BKKBN — Napak tilas perjalanan program keluarga berencana di Provinsi Nusa tenggara Timur tak terpisahkan dengan perjalanan program KB nasional yang secara resmi di mulai sejak tahun 1970 atau di kenal sebagai periode implementasi, di mana taggung jawab pelaksanaan program dialihkan kepada pemerintah   sesuai Keputusan Presiden no. 8 tahun 1970, tanggal 22 Januari  tentang Kelembagaan Badan Koordinasi Keluarga Berencana Nasional. 

Sebagai lembaga pemerintah non departemen yang diresmikan tanggal 29 Juni tahun 1970, dengan seorang ketua diangkat oleh presiden dan bertanggung jawab langsung kepada presiden. Tanggal ini kemudian pada tahun 1983 diresmikan sebagai Hari Keluarga Nasional. 

Dalam sambutan peresmian dan pelantikan dr. Soewardjono Surjaningrat, sebagai Kepala BKKBN  pertama, Presiden Soeharto mengatakan: “ Berhasil atau tidaknya program KB dilaksanakan akan menentukan pula berhasil atau tidaknya usaha untuk mewujutkan kesejahteraan bangsa.”

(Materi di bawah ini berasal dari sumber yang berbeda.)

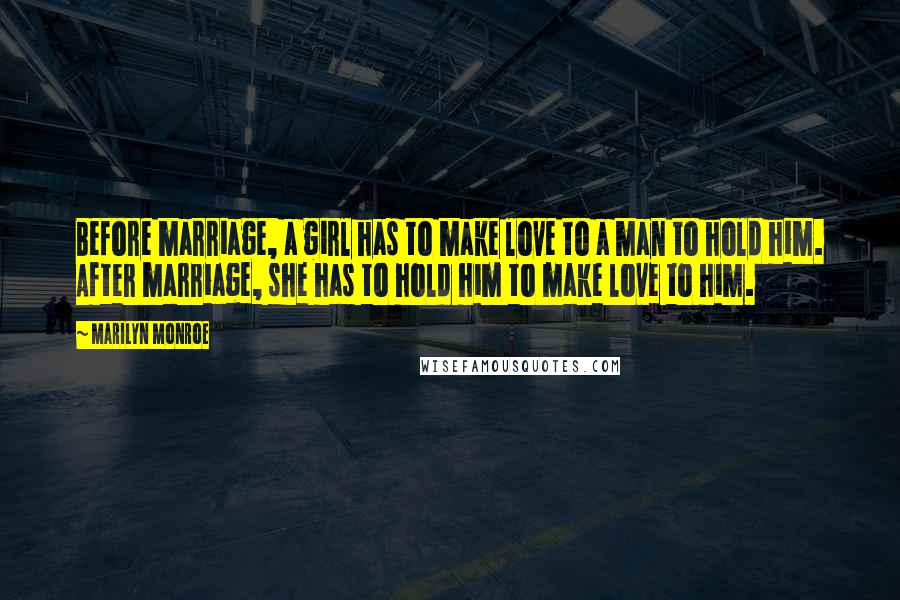 Marilyn Monroe Quotes: Before marriage, a girl has to make love to a man to hold him. After marriage, she has to hold him to make love to him.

Presiden mengakui bahwa jumlah penduduk yang besar  merupakan salah satu potensi pembangunan, akan tetapi dengan jumlah yang besar saja tanpa disertai peningkatan kesejahteraan, maka akan menimbulkan bencana yang sama besarnya.

Sejarah program mencatat bahwa dr. Soewardjono Surjaningrat ditunjuk Presiden Soeharto sebagai Kepala BKKBN pertama periode  1970-1983. Pada tahun 1981 Soewardjono Surjaningrat diangkat menjadi Menteri Kesehatan Republik Indonesia, sambil menjabat sebagai Kepala BKKBN sebelum diserahkan kepada Dr. Haryono Suyono. 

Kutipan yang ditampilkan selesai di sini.